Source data
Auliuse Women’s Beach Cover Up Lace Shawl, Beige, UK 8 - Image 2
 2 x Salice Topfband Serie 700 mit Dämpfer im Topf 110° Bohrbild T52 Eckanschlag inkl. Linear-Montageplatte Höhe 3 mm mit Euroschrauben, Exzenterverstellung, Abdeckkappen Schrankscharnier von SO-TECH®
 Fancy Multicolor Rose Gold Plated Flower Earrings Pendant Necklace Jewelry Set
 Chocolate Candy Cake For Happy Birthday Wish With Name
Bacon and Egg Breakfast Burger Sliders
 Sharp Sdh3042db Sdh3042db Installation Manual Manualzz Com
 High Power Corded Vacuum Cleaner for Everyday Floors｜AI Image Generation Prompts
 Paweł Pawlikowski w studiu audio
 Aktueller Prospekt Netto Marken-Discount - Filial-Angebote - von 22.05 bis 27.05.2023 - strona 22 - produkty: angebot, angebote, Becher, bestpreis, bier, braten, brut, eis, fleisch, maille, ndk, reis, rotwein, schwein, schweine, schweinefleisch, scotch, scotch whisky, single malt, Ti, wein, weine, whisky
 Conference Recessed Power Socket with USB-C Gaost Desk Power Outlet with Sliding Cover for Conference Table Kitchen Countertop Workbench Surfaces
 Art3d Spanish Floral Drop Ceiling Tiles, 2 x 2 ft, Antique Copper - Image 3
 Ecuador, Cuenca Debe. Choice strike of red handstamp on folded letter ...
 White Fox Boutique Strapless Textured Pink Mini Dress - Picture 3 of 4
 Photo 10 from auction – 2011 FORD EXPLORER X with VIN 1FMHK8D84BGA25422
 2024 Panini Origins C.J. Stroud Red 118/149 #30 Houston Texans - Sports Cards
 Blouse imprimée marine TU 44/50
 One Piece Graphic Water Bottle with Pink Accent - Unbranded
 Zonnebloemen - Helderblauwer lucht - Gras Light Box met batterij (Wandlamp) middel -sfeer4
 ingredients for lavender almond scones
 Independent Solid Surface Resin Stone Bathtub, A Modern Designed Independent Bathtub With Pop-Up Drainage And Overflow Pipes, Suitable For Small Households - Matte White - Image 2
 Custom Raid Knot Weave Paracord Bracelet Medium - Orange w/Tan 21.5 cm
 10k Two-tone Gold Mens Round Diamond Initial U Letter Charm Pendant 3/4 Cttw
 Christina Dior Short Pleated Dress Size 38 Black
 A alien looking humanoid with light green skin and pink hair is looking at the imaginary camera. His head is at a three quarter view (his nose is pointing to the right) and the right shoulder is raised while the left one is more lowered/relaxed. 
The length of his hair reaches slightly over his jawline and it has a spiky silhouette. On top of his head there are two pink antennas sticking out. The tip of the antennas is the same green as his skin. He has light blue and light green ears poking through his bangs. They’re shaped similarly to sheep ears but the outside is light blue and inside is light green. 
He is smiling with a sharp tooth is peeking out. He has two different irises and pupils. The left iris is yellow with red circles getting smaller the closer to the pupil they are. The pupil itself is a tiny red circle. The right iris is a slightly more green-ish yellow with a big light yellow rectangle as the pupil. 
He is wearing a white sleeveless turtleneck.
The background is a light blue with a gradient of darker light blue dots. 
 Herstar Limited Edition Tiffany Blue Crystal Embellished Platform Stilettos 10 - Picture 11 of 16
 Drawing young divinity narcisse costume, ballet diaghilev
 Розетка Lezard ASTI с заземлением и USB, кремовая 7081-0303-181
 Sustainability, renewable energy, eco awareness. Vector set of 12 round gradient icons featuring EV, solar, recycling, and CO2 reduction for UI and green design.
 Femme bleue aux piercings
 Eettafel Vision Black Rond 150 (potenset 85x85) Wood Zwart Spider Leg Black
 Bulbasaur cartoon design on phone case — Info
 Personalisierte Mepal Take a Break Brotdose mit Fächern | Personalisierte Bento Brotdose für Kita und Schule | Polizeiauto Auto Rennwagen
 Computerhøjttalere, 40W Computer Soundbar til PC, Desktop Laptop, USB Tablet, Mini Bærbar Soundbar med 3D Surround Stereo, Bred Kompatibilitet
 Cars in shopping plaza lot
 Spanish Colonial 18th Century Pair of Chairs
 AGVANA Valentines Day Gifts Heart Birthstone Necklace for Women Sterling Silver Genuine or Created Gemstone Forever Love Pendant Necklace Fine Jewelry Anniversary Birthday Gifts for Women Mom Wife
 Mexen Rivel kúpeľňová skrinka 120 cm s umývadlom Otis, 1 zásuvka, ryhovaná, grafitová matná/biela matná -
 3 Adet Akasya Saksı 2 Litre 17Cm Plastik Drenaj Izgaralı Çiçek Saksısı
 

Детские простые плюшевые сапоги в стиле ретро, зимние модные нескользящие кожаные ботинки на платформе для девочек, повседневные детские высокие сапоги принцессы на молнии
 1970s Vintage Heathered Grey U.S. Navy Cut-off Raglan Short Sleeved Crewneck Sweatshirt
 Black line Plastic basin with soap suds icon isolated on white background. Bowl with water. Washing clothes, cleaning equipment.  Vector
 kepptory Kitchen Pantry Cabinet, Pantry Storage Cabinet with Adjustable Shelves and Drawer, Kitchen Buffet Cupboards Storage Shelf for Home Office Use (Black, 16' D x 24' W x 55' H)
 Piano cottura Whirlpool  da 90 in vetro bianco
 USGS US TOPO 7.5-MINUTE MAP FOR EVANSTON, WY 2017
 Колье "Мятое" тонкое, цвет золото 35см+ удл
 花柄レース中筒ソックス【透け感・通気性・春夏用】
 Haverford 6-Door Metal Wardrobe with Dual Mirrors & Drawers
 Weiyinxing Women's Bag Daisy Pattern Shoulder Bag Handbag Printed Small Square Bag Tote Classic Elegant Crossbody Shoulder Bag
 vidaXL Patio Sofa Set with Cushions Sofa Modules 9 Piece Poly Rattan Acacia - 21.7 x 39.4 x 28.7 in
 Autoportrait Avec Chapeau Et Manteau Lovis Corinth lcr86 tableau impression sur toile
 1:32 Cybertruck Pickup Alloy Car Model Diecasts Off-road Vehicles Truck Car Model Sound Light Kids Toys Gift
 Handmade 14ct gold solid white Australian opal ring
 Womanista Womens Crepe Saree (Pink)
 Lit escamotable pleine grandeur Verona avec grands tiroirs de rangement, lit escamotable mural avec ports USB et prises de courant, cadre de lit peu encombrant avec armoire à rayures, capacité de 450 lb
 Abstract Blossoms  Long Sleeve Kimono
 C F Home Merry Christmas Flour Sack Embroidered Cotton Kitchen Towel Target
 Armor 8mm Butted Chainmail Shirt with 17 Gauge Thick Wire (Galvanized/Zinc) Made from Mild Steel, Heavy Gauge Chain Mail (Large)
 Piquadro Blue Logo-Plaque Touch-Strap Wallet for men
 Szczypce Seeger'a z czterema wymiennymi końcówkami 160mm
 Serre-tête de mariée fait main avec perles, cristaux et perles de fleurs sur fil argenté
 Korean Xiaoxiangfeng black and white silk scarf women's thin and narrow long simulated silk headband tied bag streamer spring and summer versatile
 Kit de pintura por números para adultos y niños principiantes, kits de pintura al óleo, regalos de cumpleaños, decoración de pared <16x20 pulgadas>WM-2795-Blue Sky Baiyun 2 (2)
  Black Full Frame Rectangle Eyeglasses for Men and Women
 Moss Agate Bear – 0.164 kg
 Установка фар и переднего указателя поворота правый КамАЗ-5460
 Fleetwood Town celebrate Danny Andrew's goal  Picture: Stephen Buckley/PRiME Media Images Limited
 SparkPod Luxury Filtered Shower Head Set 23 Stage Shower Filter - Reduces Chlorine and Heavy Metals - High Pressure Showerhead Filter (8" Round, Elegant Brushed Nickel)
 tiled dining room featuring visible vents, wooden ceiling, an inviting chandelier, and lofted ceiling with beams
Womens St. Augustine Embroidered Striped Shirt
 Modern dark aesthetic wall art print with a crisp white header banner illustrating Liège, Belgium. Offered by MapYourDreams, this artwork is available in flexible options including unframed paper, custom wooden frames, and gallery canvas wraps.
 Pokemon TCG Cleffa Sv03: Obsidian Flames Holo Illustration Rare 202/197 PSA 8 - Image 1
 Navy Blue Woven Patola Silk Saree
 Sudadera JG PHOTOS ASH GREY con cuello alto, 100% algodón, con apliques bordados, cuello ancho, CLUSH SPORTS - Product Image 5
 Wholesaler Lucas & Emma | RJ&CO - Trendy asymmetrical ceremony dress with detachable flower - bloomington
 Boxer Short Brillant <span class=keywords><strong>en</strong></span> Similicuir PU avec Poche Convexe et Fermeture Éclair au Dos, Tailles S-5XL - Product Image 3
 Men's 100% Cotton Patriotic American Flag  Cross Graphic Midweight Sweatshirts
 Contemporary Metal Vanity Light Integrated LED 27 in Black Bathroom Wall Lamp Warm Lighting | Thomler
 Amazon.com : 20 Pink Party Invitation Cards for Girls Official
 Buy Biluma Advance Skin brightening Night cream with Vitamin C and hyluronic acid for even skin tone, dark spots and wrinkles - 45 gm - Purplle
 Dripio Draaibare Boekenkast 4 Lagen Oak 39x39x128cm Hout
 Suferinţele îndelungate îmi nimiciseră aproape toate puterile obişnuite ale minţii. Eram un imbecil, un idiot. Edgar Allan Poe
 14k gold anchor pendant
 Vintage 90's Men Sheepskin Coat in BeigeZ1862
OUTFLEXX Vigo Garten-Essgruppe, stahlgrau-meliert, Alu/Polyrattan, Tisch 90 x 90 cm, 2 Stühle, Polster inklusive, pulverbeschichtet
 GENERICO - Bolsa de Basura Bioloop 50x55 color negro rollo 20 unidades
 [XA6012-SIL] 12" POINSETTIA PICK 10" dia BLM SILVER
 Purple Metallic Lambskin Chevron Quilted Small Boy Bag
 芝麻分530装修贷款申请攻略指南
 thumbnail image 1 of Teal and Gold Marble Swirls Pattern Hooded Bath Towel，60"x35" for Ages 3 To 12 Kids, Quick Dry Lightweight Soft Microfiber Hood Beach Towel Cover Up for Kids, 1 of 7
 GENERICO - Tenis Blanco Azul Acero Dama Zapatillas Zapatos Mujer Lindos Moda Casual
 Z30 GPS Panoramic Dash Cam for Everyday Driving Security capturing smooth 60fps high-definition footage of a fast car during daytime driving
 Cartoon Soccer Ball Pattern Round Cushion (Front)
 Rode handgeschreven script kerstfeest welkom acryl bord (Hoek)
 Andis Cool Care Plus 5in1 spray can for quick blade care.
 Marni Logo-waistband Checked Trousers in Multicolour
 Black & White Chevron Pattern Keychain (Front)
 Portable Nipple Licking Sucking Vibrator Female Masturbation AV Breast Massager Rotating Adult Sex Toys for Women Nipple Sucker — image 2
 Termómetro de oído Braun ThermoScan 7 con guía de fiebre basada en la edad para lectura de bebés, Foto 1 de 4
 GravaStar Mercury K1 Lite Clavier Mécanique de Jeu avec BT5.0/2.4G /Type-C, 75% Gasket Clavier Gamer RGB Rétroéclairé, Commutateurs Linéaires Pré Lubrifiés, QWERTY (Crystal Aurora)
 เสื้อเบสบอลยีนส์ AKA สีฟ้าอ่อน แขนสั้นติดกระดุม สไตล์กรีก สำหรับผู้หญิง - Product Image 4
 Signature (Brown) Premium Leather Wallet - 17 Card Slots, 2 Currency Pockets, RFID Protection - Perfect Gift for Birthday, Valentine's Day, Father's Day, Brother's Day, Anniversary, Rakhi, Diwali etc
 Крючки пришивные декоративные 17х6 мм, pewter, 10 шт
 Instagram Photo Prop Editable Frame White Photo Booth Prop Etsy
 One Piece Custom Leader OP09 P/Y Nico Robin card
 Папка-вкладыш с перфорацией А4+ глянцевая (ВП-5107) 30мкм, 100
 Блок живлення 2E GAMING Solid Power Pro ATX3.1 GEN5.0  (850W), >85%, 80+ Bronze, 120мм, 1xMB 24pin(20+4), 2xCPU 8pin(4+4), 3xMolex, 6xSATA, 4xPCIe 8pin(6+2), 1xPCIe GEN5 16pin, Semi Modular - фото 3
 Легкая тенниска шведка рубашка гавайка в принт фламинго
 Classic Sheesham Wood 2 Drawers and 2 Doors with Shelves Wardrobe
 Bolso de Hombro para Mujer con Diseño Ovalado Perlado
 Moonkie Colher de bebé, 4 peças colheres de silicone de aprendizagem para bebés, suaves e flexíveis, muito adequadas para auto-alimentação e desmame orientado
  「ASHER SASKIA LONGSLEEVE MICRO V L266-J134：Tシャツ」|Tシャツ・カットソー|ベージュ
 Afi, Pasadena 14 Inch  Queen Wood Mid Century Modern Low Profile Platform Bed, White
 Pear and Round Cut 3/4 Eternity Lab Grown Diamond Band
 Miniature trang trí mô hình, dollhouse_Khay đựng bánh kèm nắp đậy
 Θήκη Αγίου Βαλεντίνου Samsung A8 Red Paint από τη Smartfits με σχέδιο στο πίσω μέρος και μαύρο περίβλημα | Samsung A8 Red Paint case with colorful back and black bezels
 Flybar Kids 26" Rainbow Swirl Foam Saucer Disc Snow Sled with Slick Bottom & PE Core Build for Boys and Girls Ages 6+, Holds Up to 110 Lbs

(Assignment) Work through the records line by line, and once you reach the final line, report only how many held "Necklace".

(Task response) 2